November 1 was a rainy, cold day. Like many of you, I had what can only be described as a sugar hangover, the consequence of indulging too freely in the Halloween candy which was acquired from neighbors by my little elephant and little purple dragon the night before. 

 November 1 was also All Saints Day. Traditionally, the church held this as a day to recognize and remember not only the martyrs of the Christian faith whose blood helped to carry the church along, but to remember all those Christians who have led us, taught us, been examples to us, and gone to be with Jesus. On this day we reflect upon the “great cloud of witnesses” which surrounds us and encourages us. (Heb 12:1).
          
 There is nothing like looking one more time at the pictures of those who have died. The memories come, and with them the happy but sad knot that wells up in your throat and your stomach. Suddenly life feels like sand slipping through your fingers, like someone has pulled the rug out from under your feet. It is hard to put into words, even for this writer who dwells always in a cacophony of word-related delight.

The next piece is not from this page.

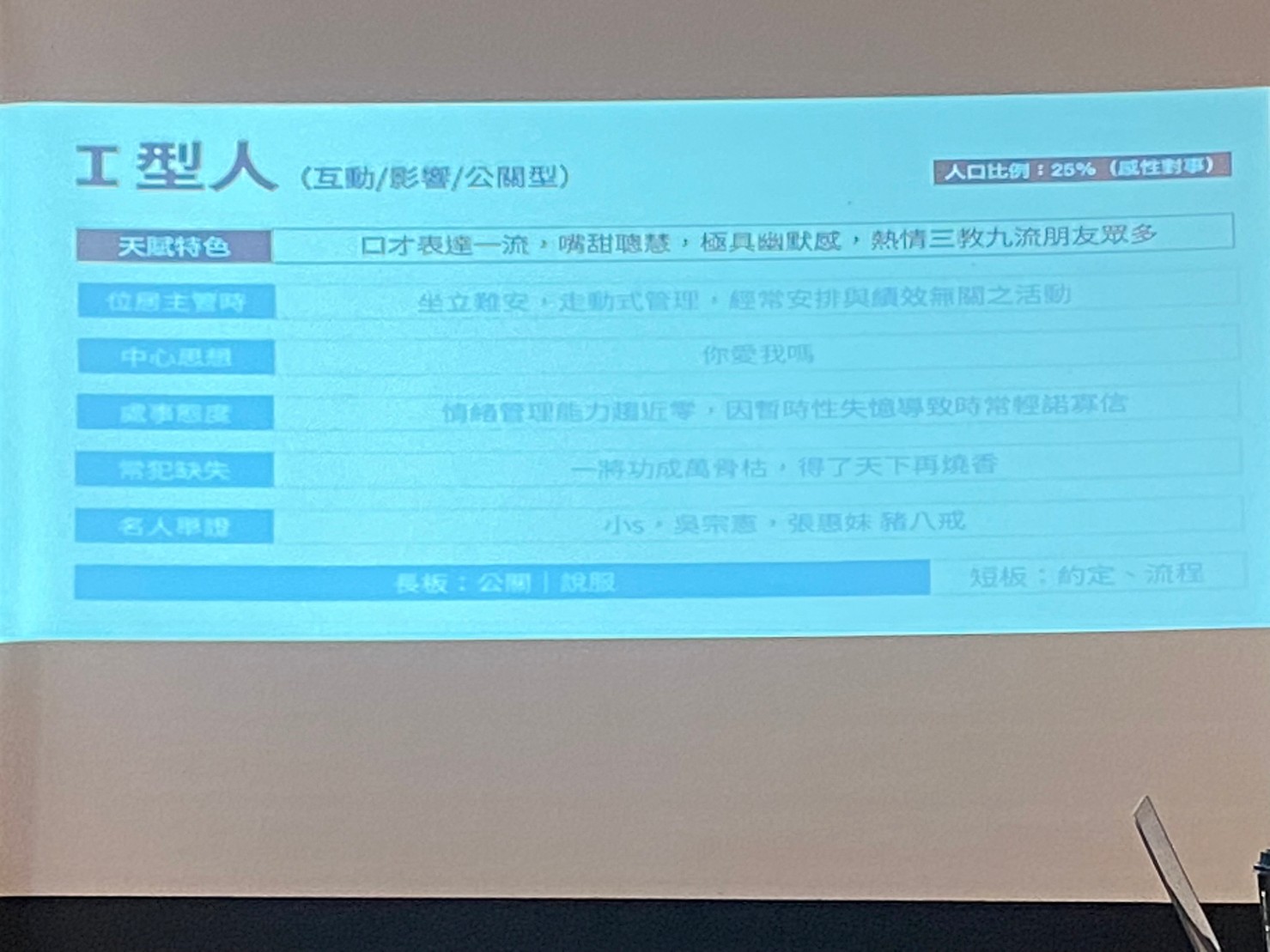 【圖說六：參與者紛紛驚嘆表示，這次講座帶來的人格測驗讓他們重新思考自己的角色，並開始更有針對性地應對工作中的挑戰。】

This year I realized, for the very first time, that I know a lot of dead people. Until recently, my dead grandparents held a cherished place in my heart, but their deadness was a very far away thing; a very unique and unusual thing. Over these past years, I have seen many more join them, including two great uncles and a cherished aunt who all made their way to heaven last month within days of each other. Death has come a bit closer to me.

As I looked out the window at the sloppy wet leaves covering the driveway and sidewalk, I was hit by a grief-wave reminder. Death has come a bit closer to me not just by these relatives, but in my own home, in my own womb not too long ago.
            
We had a miscarriage in July. It was not the first time, but that did not make it any less strange or painful. It was very early in pregnancy, but this also did not make it any less strange or painful. We were not expecting to get pregnant, but again, this did not make it any less strange or painful. We have two healthy boys already, but this too did not make it any less strange or painful.
            
Statistics tells us that most women will have a miscarriage or several of them throughout the course of their life. Why is it that we hear so little about it? I have no scientific explanation for the quietness that surrounds miscarriage, but I can tell you why it simply had to be a lonely silence for me as I walked through it.
            
When I found I was pregnant, I was stunned, which is pretty much always the case went you aren’t expecting it. Surprise quickly turned into enormous excitement because THERE IS GOING TO BE ANOTHER BABY, and my friends, there is just no way to not be excited about that!
            
Hormones began to rage. I began to crave celery with grapes and blue cheese. Strange. The July heat led to headaches and nausea, part of the bitter sweetness of building a little person inside of you. We began to talk about how exhausted we already are with two boys, and how we might never sleep again. We began to cautiously dream of a quiet, soft, sweet little girl who would sleep through the night, snuggle with pink teddy bears, and generally not be another rough and tumble little boy.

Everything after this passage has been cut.